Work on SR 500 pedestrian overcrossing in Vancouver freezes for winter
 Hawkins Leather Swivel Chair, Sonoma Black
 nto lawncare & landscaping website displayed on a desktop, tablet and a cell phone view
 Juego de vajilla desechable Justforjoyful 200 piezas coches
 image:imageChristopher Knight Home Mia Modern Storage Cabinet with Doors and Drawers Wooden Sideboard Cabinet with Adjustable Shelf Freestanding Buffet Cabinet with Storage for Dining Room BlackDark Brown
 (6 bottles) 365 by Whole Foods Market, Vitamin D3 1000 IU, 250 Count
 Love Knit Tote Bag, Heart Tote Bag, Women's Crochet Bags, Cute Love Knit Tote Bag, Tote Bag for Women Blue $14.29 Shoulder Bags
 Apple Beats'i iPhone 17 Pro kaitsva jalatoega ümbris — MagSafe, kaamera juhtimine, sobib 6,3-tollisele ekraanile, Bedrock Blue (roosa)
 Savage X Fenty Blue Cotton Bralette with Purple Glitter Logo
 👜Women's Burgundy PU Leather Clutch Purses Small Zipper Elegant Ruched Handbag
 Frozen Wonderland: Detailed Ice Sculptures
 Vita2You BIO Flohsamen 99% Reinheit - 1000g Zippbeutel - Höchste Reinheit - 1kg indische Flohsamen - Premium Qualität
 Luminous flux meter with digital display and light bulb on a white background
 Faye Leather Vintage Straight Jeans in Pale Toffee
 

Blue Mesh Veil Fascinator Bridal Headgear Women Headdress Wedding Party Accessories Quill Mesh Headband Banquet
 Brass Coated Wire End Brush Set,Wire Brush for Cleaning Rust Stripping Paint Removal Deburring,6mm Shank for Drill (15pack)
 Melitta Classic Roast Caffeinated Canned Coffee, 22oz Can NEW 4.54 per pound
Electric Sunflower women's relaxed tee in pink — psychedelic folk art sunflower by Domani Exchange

************

--- Requirement ---
Your answer should be exactly the lines of the data above, from the first through the line containing "Juego de vajilla".

--- Solution to this task ---
Work on SR 500 pedestrian overcrossing in Vancouver freezes for winter
 Hawkins Leather Swivel Chair, Sonoma Black
 nto lawncare & landscaping website displayed on a desktop, tablet and a cell phone view
 Juego de vajilla desechable Justforjoyful 200 piezas coches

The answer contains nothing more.